Can you print the data exactly and leave out each image?

[[ Information given open ]]

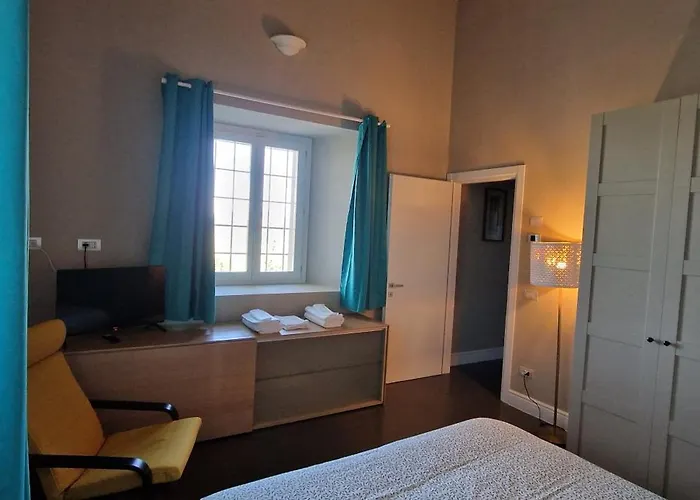 Casal De' Matti - Casa Margot *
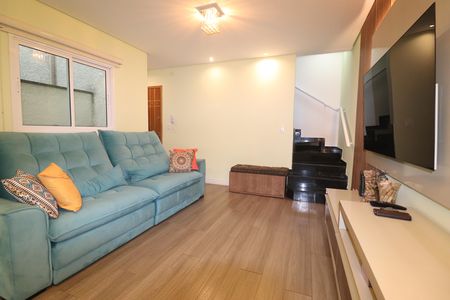 Apartamento à venda com 90m², 3 quartos e 1 vagaSala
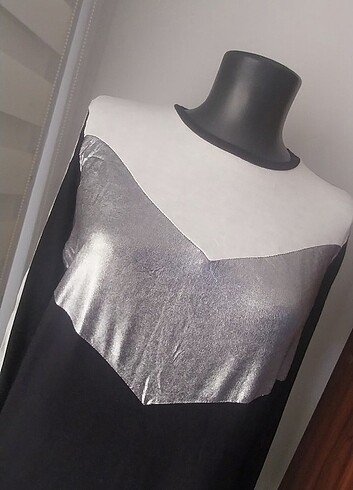 LC Waikiki Tunik - elbise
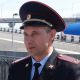 Лучший полицейский России - в гостях у "Граней" полицейские 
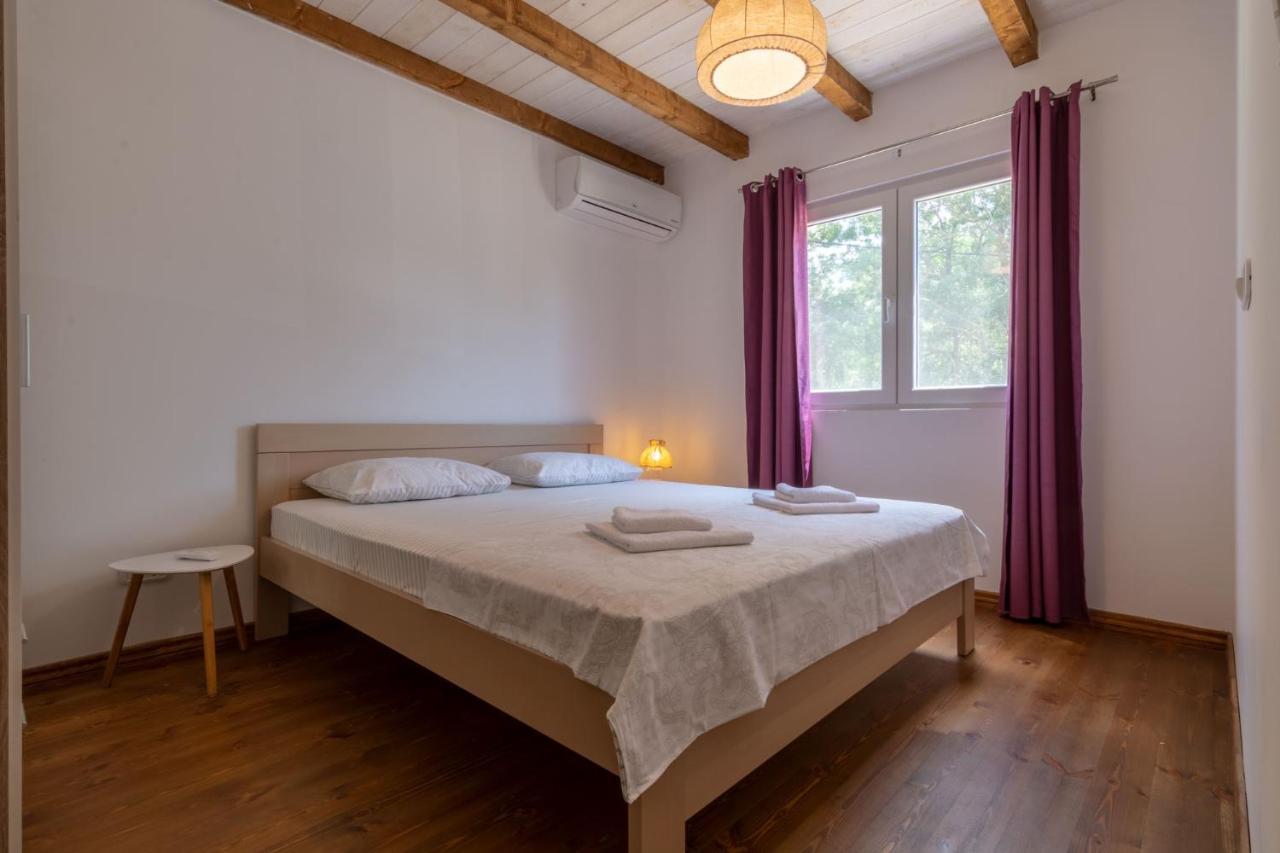 Hakuna Matata Apartments Ούλτσιν Εξωτερικό φωτογραφία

[[ Information given closed ]]

> **Response box**:
 Casal De' Matti - Casa Margot *
 Apartamento à venda com 90m², 3 quartos e 1 vagaSala
 LC Waikiki Tunik - elbise
 Лучший полицейский России - в гостях у "Граней" полицейские 
 Hakuna Matata Apartments Ούλτσιν Εξωτερικό φωτογραφία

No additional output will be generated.